How Not to Report a Weather Record: 21st June 2017
Well, well, well. Less than a year on from an exceptionally hot mid-September day (at least exceptionally hot for the UK, if not, perhaps, for Kuwait), and it’s only gone and happened again.
Yeap, the presumably less poisonous than mercury red liquid in my re-purposed fridge thermometer has only gone and reached 34.5C this week, on what was widely reported as “the hottest June day for 41 years”, that is, since the summer of 1976. And curiously I was close to the epicentre of the heatwave back in ’76, in FA Cup-winning Southampton, then the hottest place in the country, just as where I am now, a few miles from Heathrow, has been this time.
And once again the record has been somewhat understated. I explained in my post on the topic last September that the true significance of the 13th September 2016 was that it was the hottest day that had been recorded in the UK so late in the year.
You’ve guessed it. The 34.5C recorded at Heathrow this summer solstice was the hottest daily maximum so early in the year. Back in 1976 the temperatures over 35C (peaking at 35.6C in Southampton on 28th) were later in the month. In other words, 21st June 2017 saw a new “date record”.
Admittedly, it was not a particularly notable date record, since 34.4C was recorded at Waddington as early as 3rd June during the glorious post-war summer of the baby-boom year of 1947. And 35.4C at North Heath on 26th June 1976 also seems somewhat more significant than nearly a whole degree less on 21st June. Furthermore, unlike in 1947, 1976, and, for that matter, 1893, only one “daily record” (the hottest maximum for a particular date) was set in the 2017 June heatwave.
Nevertheless, 21st June 2017 set a new date record for 5 days (21st to 25th June, inclusive) and that is of statistical significance. The point is that without global warming you would expect there to be approximately the same number of date records each year, or, more practically, decade. The same is true of daily records, of course – providing a recognised statistical demonstration of global warming – but my innovation of date records provides for a more efficient analysis, since it takes account of the significance of daily records compared to those on neighbouring dates. It makes use of more information in the data.
Supporting the “hypothesis” of warming temperatures, the 5 day date record set on 21st June 2017 exceeds what you would expect in an average year, given that daily temperature records go back over 150 years. On average you’d expect less than 3 days of date records in any given year. But we can’t read too much into one weather event, so how does it look for recent decades?
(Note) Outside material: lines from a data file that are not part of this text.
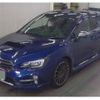 subaru levorg 2016 quick_quick_DBA-VM4_VM4-089255 image 4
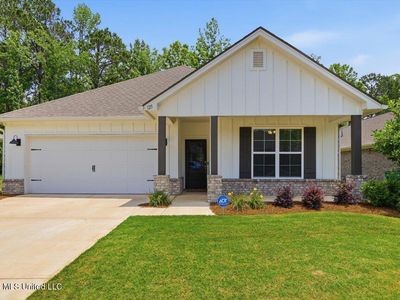 125 Shiloh Pkwy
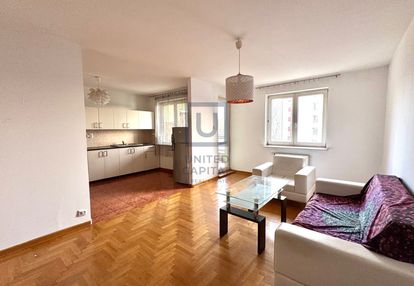 3 pokoje * idealne pod biuro * od 30.06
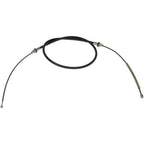 Dorman C93154 Parking Brake Cable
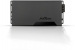 AXTON, AT401 4-Channel Amplifier, 4x100W 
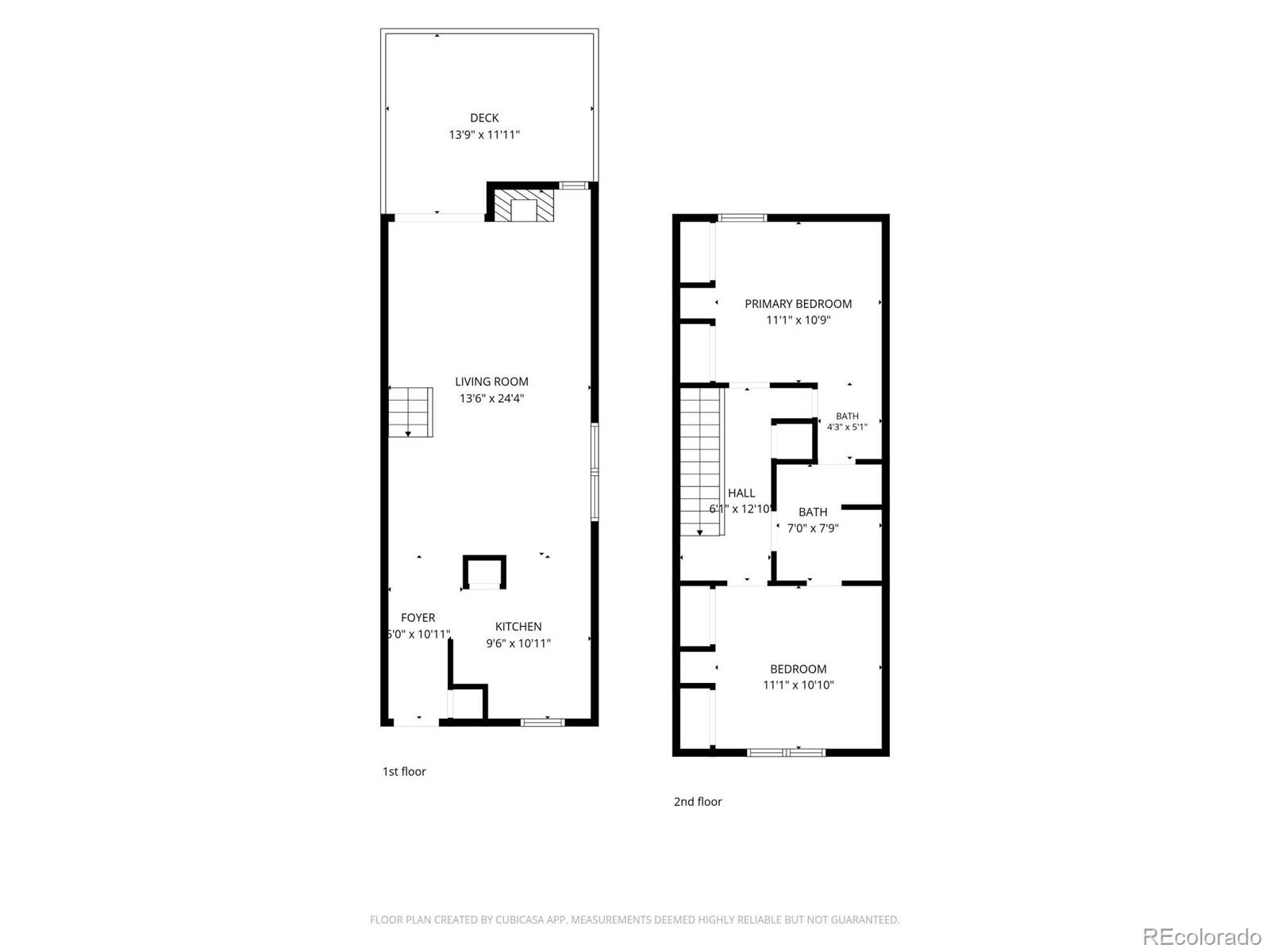 MLS Image #23 for 413 s kittredge street,aurora, Colorado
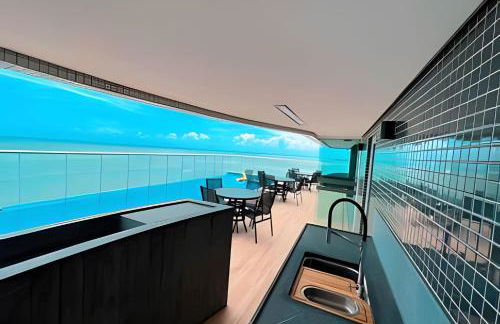 Studios Premium RN - Foto 111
Last September, I provided a list of UK date records from the hottest day, 10th August, when 38.1C was recorded in Gravesend in 2003 through to October 18th, promising to do some more work next time there was a heatwave. So, keeping my word, we have the following date records:
34.4C – 3rd June 1947 – 18(!) days
34.5C – 21st June 2017 – 5 days
35.4C – 26th June 1976 – 1 day
35.5C – 27th June 1976 – 1 day
35.6C – 28th June 1976 – 3 days
36.7C – 1st July 2015 – 33(!!) days
37.1C – 3rd August 1990 – 7 days (through 9th August)
Obviously, weighting for how exceptionally hot they were, the 2010s have had way, way over their share of exceptionally hot days for the time of year during the summer months. I’m timed out for today, but I will definitely have to get round to an analysis of the whole year! Watch this space.
Just discovered your blog, your analysis of date records is fascinating and different to what anyone else has done- thank you and keep it up!